Information provided>
Start of Block
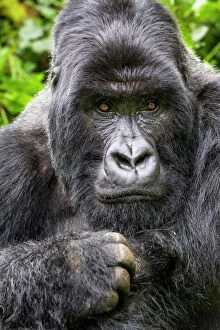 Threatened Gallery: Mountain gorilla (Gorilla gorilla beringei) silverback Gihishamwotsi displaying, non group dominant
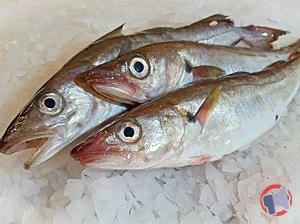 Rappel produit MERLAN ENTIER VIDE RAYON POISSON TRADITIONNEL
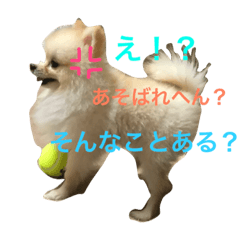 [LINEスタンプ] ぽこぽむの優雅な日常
End of Block
Start of Block
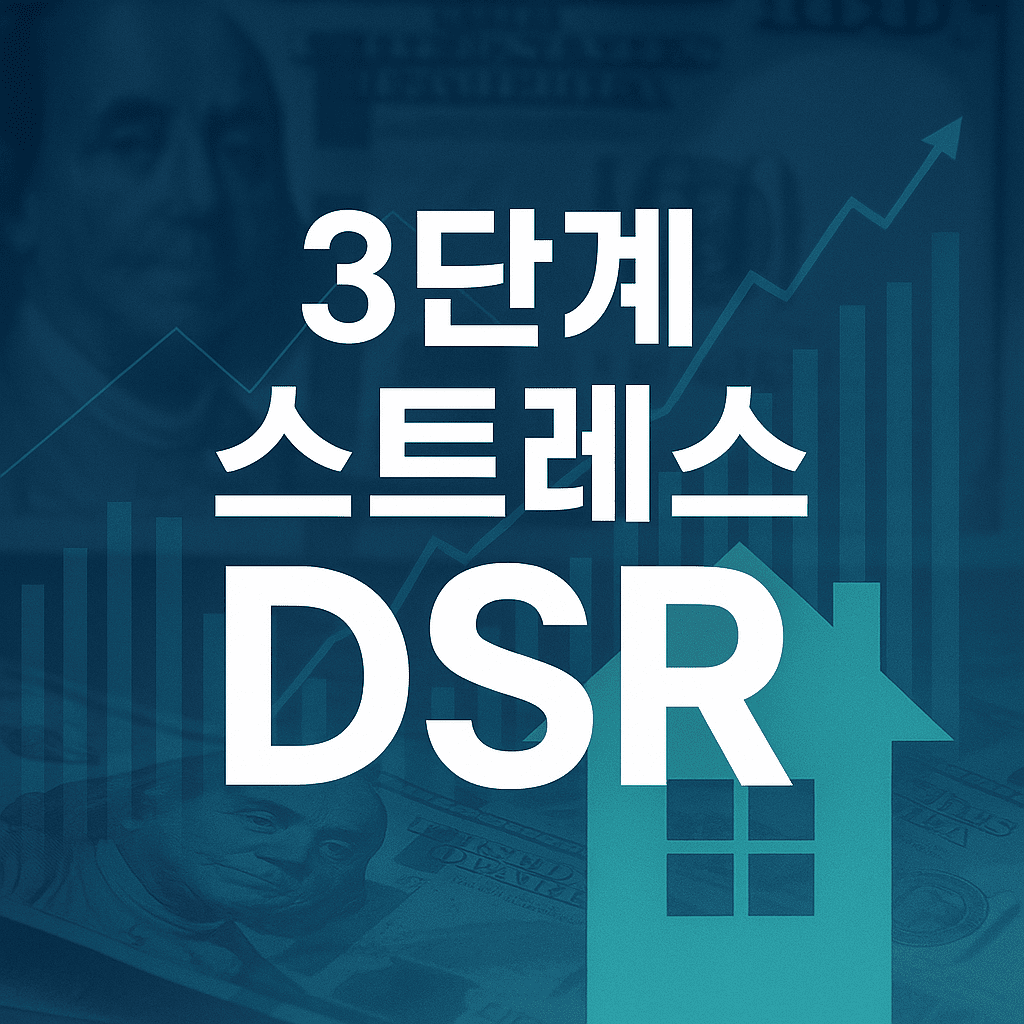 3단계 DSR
End of Block
Start of Block
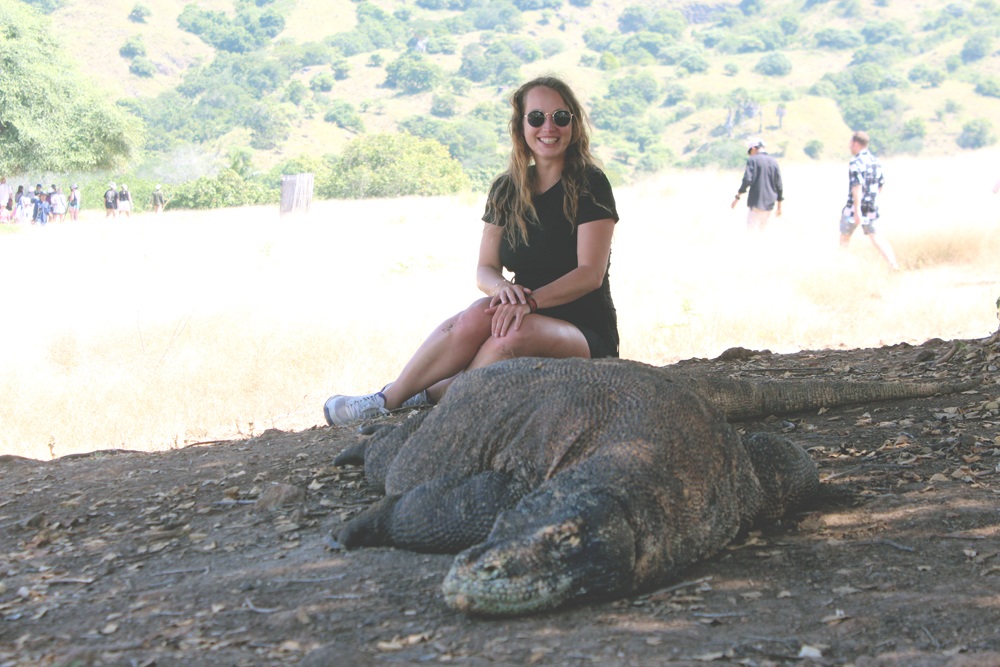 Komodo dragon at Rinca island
End of Block
Write down exactly what the lines above say, from the line holding "Rappel produit MERLAN" through the line holding "[LINEスタンプ] ぽこぽむの優雅な日常", and nothing more. Do not copy the pictures.

Result for this exercise>
 Rappel produit MERLAN ENTIER VIDE RAYON POISSON TRADITIONNEL
 [LINEスタンプ] ぽこぽむの優雅な日常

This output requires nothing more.